WorshipWeb: Braver/Wiser: A Weekly Message of Courage and Compassion

Necessary Stillness

By Christine Slocum

“Sometimes I need
only to stand
wherever I am
to be blessed.”
–Mary Oliver, from "It Was Early"

We can be many things. Friday afternoon? We were traffic. Car traffic. You usually find both of us on bicycles to commute, but work took us too far that day. My colleague lives on the way, so I offered to drive. At day’s end, we were departing downtown.

Theoretically, we were heading towards his home. In practice, we lingered on the same block, advancing one car length per light change. It felt like the street was doing an award-winning performance of a parking lot. I had tried to bypass the highways by cutting through downtown, but a street was closed and the traffic lights were out of sync. It took time.

The fingertips of a black person holding a small glass hourglass, whose black sand grains are trickling through.

There was not a single indication of frustration in my colleague’s body, words, or demeanor. I didn't have to be elsewhere for a while. Conversation came easily. I do enjoy his companionship. At the same time, I felt guilty for how long it was taking.

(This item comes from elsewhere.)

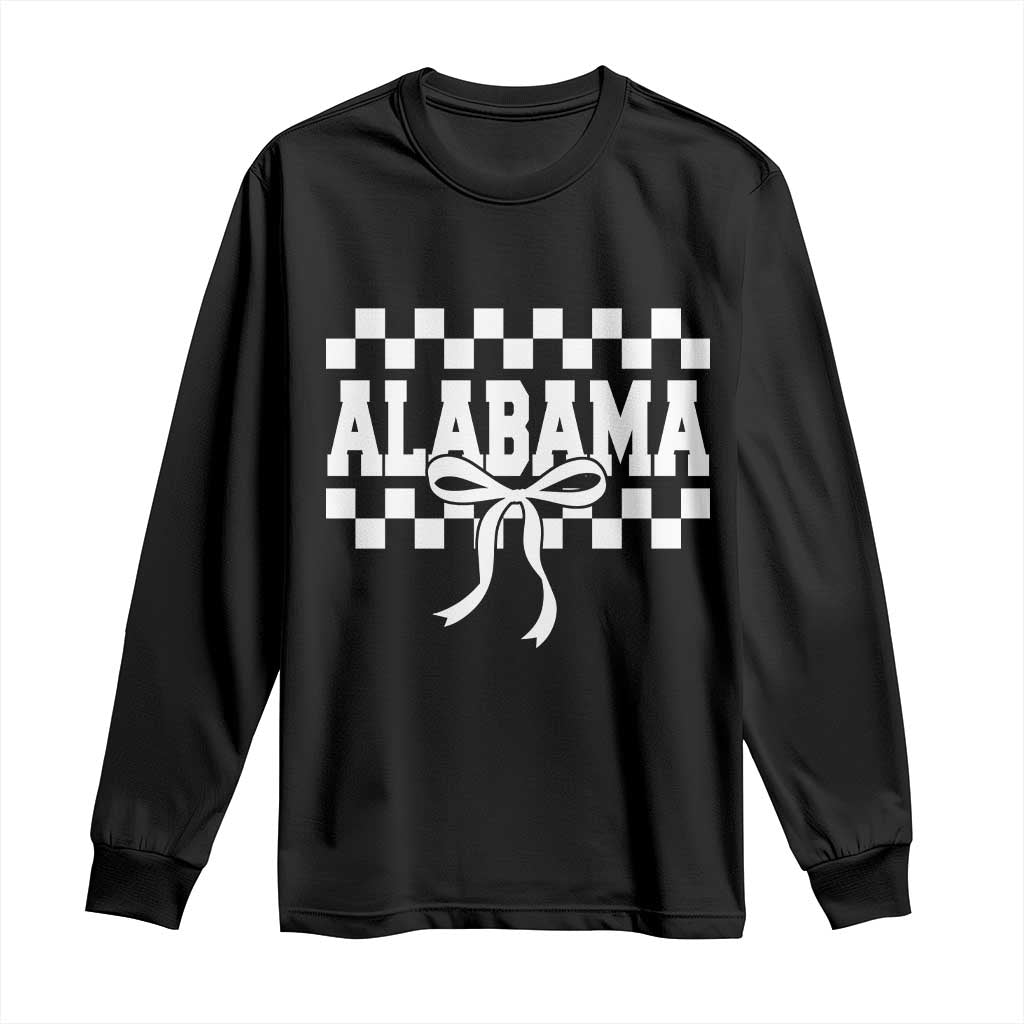 Alabama Fan Long Sleeve Shirt AL State Sport Coquette Bow Checkered Design Game Day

Reflecting on the experience, I realized that I wasn’t impatient for impatience’s sake. It was more that I feel almost a moral obligation towards advancement. It's all progress, improvement, efficiency, the next thing. It’s capitalism, it’s white supremacy, it’s a deeply and viscerally internalized cultural ethic towards forward momentum. It permeates my entire perspective. My discomfort was the dissonance of failing to meet that expectation. There I am, present in necessary stillness, and my body tingles with a version of the same anxiety I feel when I sense my career is stagnating, or I'm failing to become better in all the ways our society suggests we should. Miles per hour or milestones per lifetime: it all feels the same.

When I could be present in the moment, sitting in the car, relaxing my sense of obligation towards speed? That let me recognize the true experience: good company and conversation. Connection makes life rich. This mindset towards "progress" sets me up to miss it.

What other circumstances am I failing to recognize when I don’t embrace the necessary stillness? Where else am I failing to see that the need to exist in the moment is a required part of whatever journey I'm taking? When else am I failing to understand that maybe life doesn't have to be ever-upward in order to be well-lived?

Prayer

May patience teach us presence; may presence show us all of the blessings of the moment and keep our attention on what truly matters.

About the Author

Christine Slocum

Christine Slocum (she/her) is a UU whose work facilitates housing for people experiencing homelessness and severe mental illness. She lives in the city of Buffalo with her husband and two children.